Schema.org itself also contains some dedicated vocabulary that can be used in applications which publish, discover or integrate different kinds of data. Just as schema.org defines vocabulary to help describe people, volcanos and public toilets, it can also be used to describe data. This capability is in addition to schema.org's general nature as a collection of structured data schemas, and complements numerous other data-related formats and standards.

In particular, schema.org defines vocabulary for providing Dataset metadata, alongside (proposed) vocabulary for describing aggregate statistics:

To take a specific example, the Volcano type in schema.org is useful for volcano data, but in a different way from a Dataset type being used to describe a collection of data about volcanos (e.g. in CSV or XML format). Similarly, the Population / Observation types can be used to represent aggregate statistics of "populations" of volcanos. While http://schema.org/Volcano can be used to directly provide information about specific volcanos; the http://schema.org/Dataset and http://schema.org/Observation types emphasise the data level of abstraction more directly.

Other related work includes W3C's CSVW and RDF Data Cube specifications, as well as the DSPL 2.0 specification. DSPL 2.0 combines Schema.org for per-dataset metadata with the use of CSV files to represent code lists, enumerations and statistical observations. DSPL2 provides an explicit high-fidelity representation of datasets in their own terms, rather than mapping everything into Schema.org.
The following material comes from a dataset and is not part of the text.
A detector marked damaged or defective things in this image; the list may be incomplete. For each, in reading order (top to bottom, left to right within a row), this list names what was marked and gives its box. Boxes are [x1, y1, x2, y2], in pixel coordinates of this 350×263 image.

These technologies all in turn depend on lower-level standards, such as for JSON-LD, RDFa, Microdata, XML, Unicode etc., and share a broadly RDF-like approach to representing information. There are also related standards from W3C and elsewhere dedicated to lifting factual data out of various kinds of dataset, into RDF statements that use vocabularies such as Schema.org. For examples, see R2RML, which addresses this for SQL; GRDDL for XML via XSLT; the CSVW to RDF mappings for static tabular data, and JSON-LD's context mechanism for certain forms of JSON data.